Il SUMAI (Sindacato Unico Medici Ambulatoriali ed altre professionalità di Avellino), presieduto da Arturo Iannaccone, insorge e lancia i propri strali nei confronti della Regione per il piano vaccinale con una dura missiva indirizzata al Governatore.
“Esprimiamo la forte indignazione della nostra categoria, per le inappropriate modalità previste nel Piano regionale di vaccinazione anti Covid-19 relativamente alle priorità dei gruppi a rischio - si legge nella lettera - Tali decisioni pongono i nostri colleghi Specialisti Ambulatoriali Interni, che tutti i giorni sono a contatto con i cittadini positivi, si recano nelle loro case e gli si avvicinano al massimo grado, come accade per gli odontoiatri, oculisti ed otorini, dietro quel mondo di funzionari che opera nei propri uffici dove è raro venire a contatto con ammalati di Covid-19".
"Vogliamo illuderci - prosegue la nota - per una estrema speranza, che la nostra Sanità non sia governata da improvvisatori, che si sia trattato di un mero errore materiale dovuto alla fretta e magari alla scarsa conoscenza della situazione da parte del reale estensore della delibera, che forse l’ha composta in smart working, procedura che alcune Asl campane non hanno invece concesso neppure a quei pochi sanitari per i quali sarebbe stata tecnicamente possibile - si legge ancora nella missiva inviata a De Luca- A ciò si aggiunge che ad oggi ancora non è stato consentito agli Specialisti Ambulatoriali Interni di accedere alla piattaforma SINFONIA per conoscere in anticipo le condizioni di positività o meno ai tamponi dei pazienti al cui domicilio regolarmente stanno recandosi per le attività cliniche ordinarie. Si ricorda a tale proposito che la Regione stessa ci aveva chiesto le mail dei colleghi per inviargli le credenziali, mail che abbiamo immediatamente fatto conoscere agli uffici regionali ma senza avere ad oggi nessun risultato".

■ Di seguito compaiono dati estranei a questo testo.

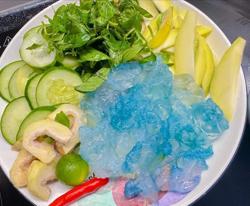 Nuốc Huế có gì ngon mà cư dân mạng "sôi sục" đến vậy?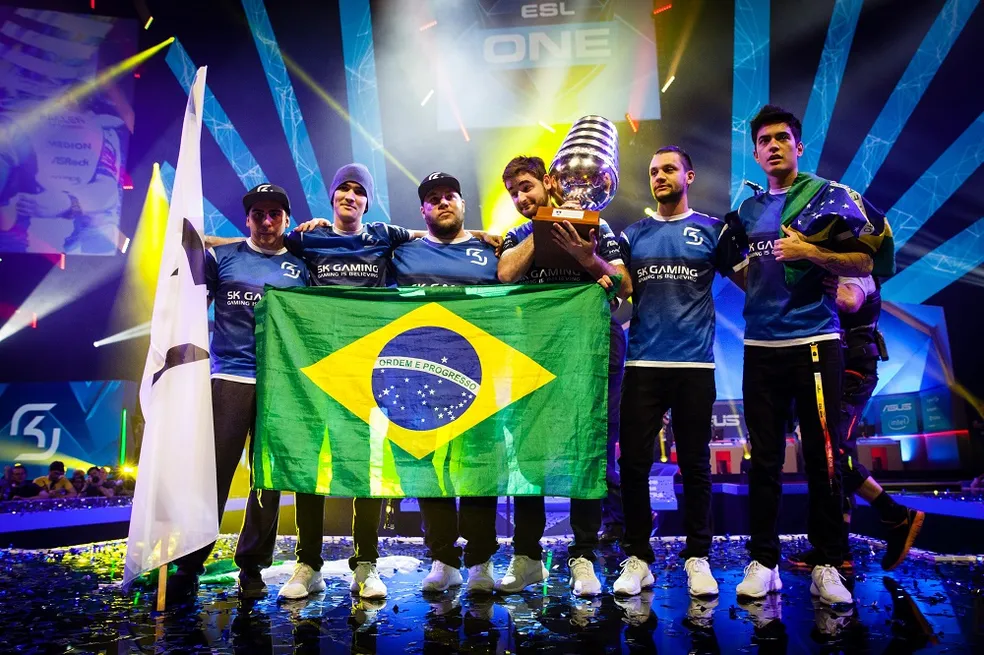 25 Anos de CS! Relembre grandes momentos do Brasil no FPS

"Attendiamo - conclude il SUMAI - un’immediata correzione delle priorità previste dal Piano regionale di vaccinazione e che contestualmente si provveda altrettanto immediatamente all’invio delle credenziali ai nostri Specialisti per poter accedere alla piattaforma SINFONIA onde evitare che altri colleghi vengano colpiti dal Covid-19 e non ci siano ulteriori decessi che già hanno colpito la categoria. In mancanza avvieremo le procedure di agitazione della categoria per mancato rispetto dell’AIR sottoscritto, sospendendo, nel frattempo, tutte le attività domiciliari”.